Le silence qui suivit fut encore plus intenable que l’attente. Chacun semblait chercher ses mots, mais personne n’osait parler, comme si briser ce silence rendait l’annonce plus réelle.
Fanny sentit une boule d’émotions lui monter à la gorge. Sa vision se brouilla, et une chaleur étouffante l’envahit. Elle repoussa doucement sa chaise, ses mouvements presque mécaniques, et se leva. Sans un mot, elle quitta la table, ses pas résonnant comme un écho douloureux dans cette pièce soudainement trop grande.

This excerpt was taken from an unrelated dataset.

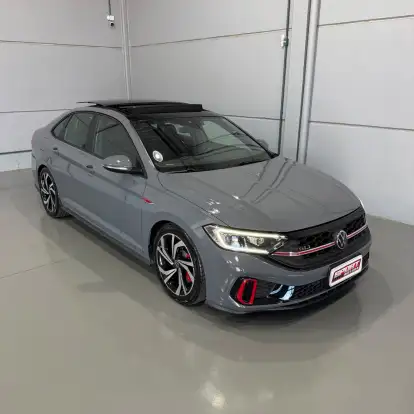 VOLKSWAGEN-JETTA-2024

Une fois à l'extérieur du restaurant, elle s’arrêta. Sa poitrine se soulevait sous l’effet d’une respiration trop rapide, presque haletante. Tout son univers venait de s’effondrer. Elle passa une main tremblante dans ses cheveux, incapable de rassembler ses pensées. Elle fuyait à nouveau, incapable de faire face aux rebondissements qui rythmaient sa vie. Son quotidien parfait déraillait comme à chaque fois qu'elle retournait à Embruns. Mais après tout, le train des péripéties avait déjà commencé sa course, abandonnant sur le quai de sa réussite, son avenir professionnel.